McKinsey: Let’s talk about the cultures in the two companies. How were they different?
Bringing two different cultures together
Mark Heimbouch: What happens at the outset is you go through things like culture surveys and engagement surveys, and everybody takes a step back and says, “Wow, look how similar they are.” That’s great from a values perspective but, frankly, I’ve never seen two companies that have the same culture. Companies work differently, people engage differently. Don’t underestimate the size of that challenge.
In our case, the communication styles were pretty different. When we were going through the transaction, I was working with another individual on the team to plan the integration.
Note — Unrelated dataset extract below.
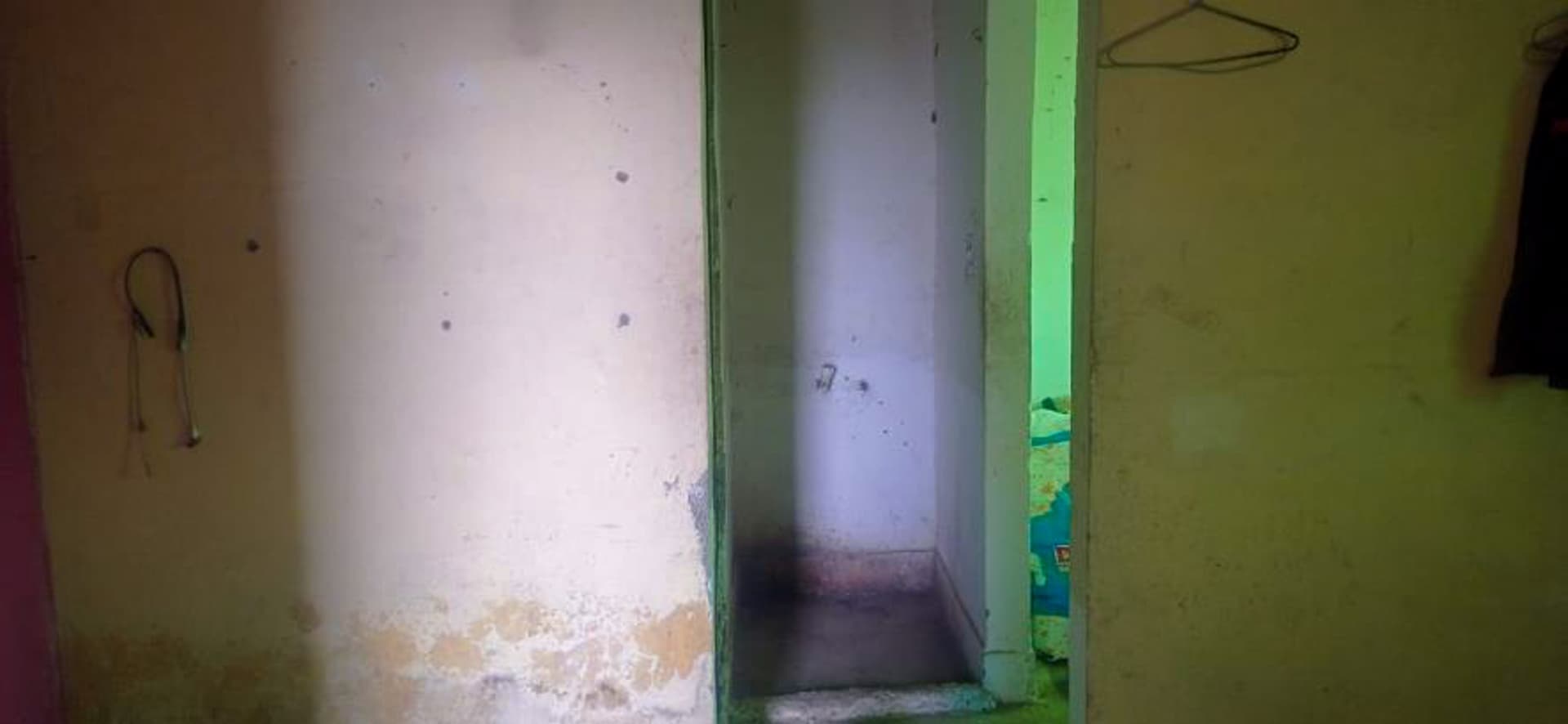 Property Photos 3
These were early days, and I thought, “Boy, I try to be a pretty direct and clear communicator, but this was not working.” We would have conversations and I thought we were aligned, but then the second time around I’d be scratching my head that it wasn’t getting done.
Someone showed me a magazine article about the differences in American and British communication styles. It was about an American student going to university in the UK and how the student interpreted feedback. A professor told him, “Yes, I understand what you’re saying,” but what he really meant was that he disagreed. That subtle difference in how direct people should be with each other created a misunderstanding. For us, knowledge of these cultural differences led to a robust conversation about how we move forward. Clearly, there were two styles of communication—neither was bad, they were just different.
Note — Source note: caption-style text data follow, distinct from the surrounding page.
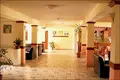 Отель 4 000 м² Kakopetria, Кипр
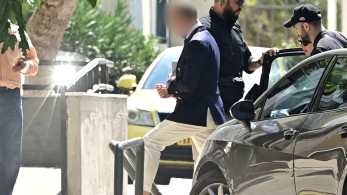 Υπόθεση Μαζωνάκη: οι τελευταίες αποκαλύψεις, την Τρίτη οι απολογίες των γιατρών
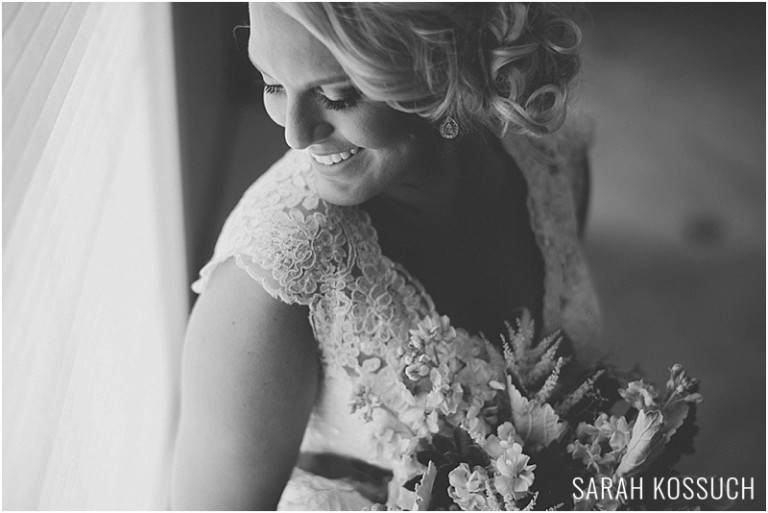 Brentwood Golf Club White Lake Michigan Summer Wedding Photography 1419 | Sarah Kossuch Photography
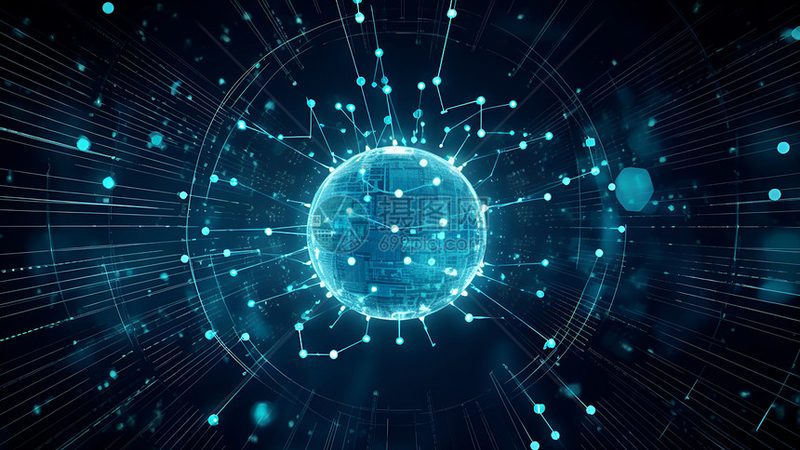 知识图谱存储方案设计：架构解析与优化策略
Over the last several months, the question has been, “How do we start to align around ways of working? How do we make sure capital is allocated and prioritized, and how do we deliver?” The really tough part is in the ways of working. You come through that courting period in terms of, “Yes, we like the same things and we think about things similarly” and then move to “How do we actually work and deliver on them?” These can be quite a bit different, and that probably doesn’t end after a year. For example, we had meaningful differences in the way we made decisions, the way we interacted in meetings, and even our financial-management approaches. We needed to align and commit as leaders to be role models and support people through the change.
It’s a journey in terms of people getting to know each other, working together, and having some success together, because that success builds credibility. Then, I think, you get a good team.
McKinsey: What advice do you have for other leaders embarking on an integration?
Mark Heimbouch: It takes grit. You have to push ahead in a thoughtful and intelligent way. But you also need grit to make some tough decisions, so you don’t stall and lose control.
Getting to decisions quickly is critical. It’s important to have leadership in place and have the organization in place as quickly as possible, so people don’t come to work the first day and try to figure out what they do or who they report to. We started top down and said, “These are the areas of opportunity,” and then we drove the teams to move forward and execute on them. If you don’t do that, the risk is you’re going to be here talking about it a year later, and people will still be looking for how to achieve the objective.